The Winners: A Novel for the Stanley Cup!



By Fredrik Backman

Atria Books, 688 pages.





I nearly skipped The Winners because I felt that three books about ice hockey in two Swedish towns was one too many. Send me to the penalty box for tripping. I should have known that Fredrik Backman would deke when I thought he was grinding. The Winners is a must read during the Stanley Cup playoffs, but you don’t need to know a Zamboni from tagliatelle to appreciate all three Beartown novels.


The Winners returns us to an isolated forested section of Sweden where the residents of Beartown and Hed simply hate each other. Though their economic survivals are inextricably linked, there’s little they won’t do to express their mutual disgust–rumbles between rival gangs, workplace antagonism, political machination–but the hockey rink is where the rivalry becomes the Crusades on skates.   


Backman picks up the narrative two years from where he left off in Book # 2, Us Against You. That book involved an assault that ripped apart Beartown, but it also paved the way for its reversal of fortune. Hed had always been the more prosperous town and usually prevailed on ice, but the pendulum has swung to Beartown, with its new businesses, expensive new homes, a star player (Amat), and a newly refurbished rink, whereas the roof of Hed’s rink has collapsed, a symbol of its overall decline.


Backman readers have previously met the Andersson family, former NHL player-turned-Beartown-general manager Peter, his lawyer wife Kira, and offspring Maya and Leo.
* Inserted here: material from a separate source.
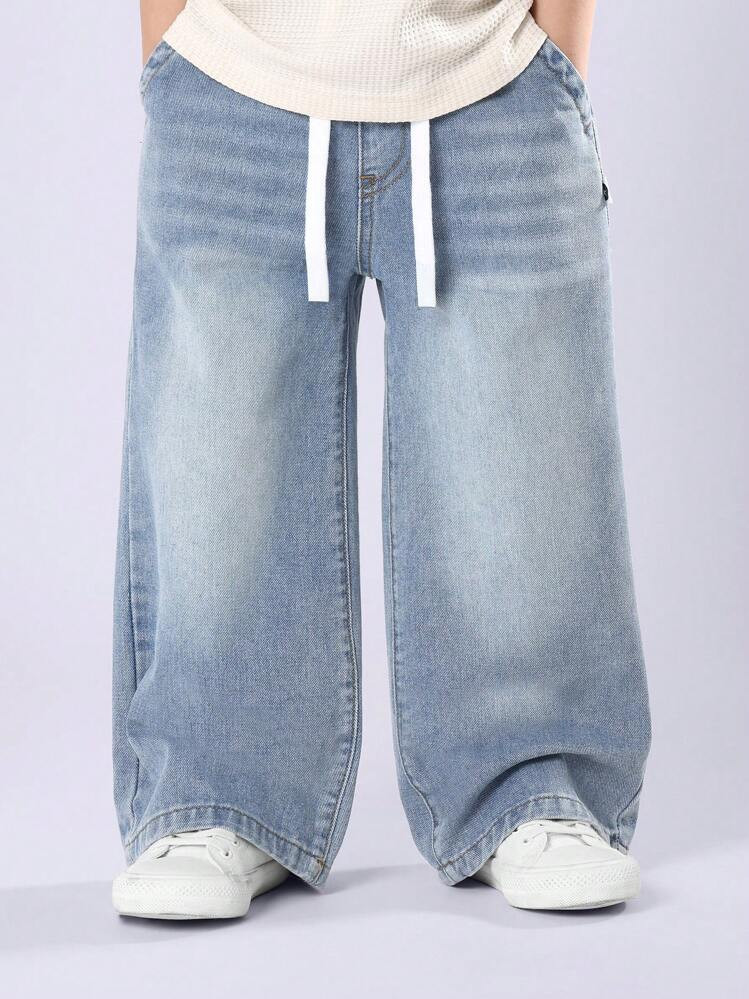 SUMWON Kids Wide Leg Pull On Jeans Relaxed Fit Casual Denim Bottoms High Waist Elastic Drawstring Comfort Everyday Wear Streetwear Fashion Pants Spring Fall Chic Outfits For Autumn/Winter Vacation | SHEIN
Maya is now studying music in Stockholm, Peter is at sea after giving up the GM job, and Leo is AWOL in video game stocked room. Other Beartown fixtures have their own concerns. Amat is overweight from an injury, drink, and ennui; Benji left town to escape the homophobes; former golden boy Kevin has departed to parts unknown; Tails is engaged in all manner of dodgy schemes; Ramona is running out of steam; Ekisabeth Zackell remains a brilliant hockey coach with the personality of particle board; and Ana, Maya’s BFF, is mired in sadness and anger. Oddly, Peter and local thug Teemu have grown friendly, but the only happy campers in Beartown are Bobo, now an assistant coach; former coach Sune; and young Alicia, who might be the future face of Beartown hockey.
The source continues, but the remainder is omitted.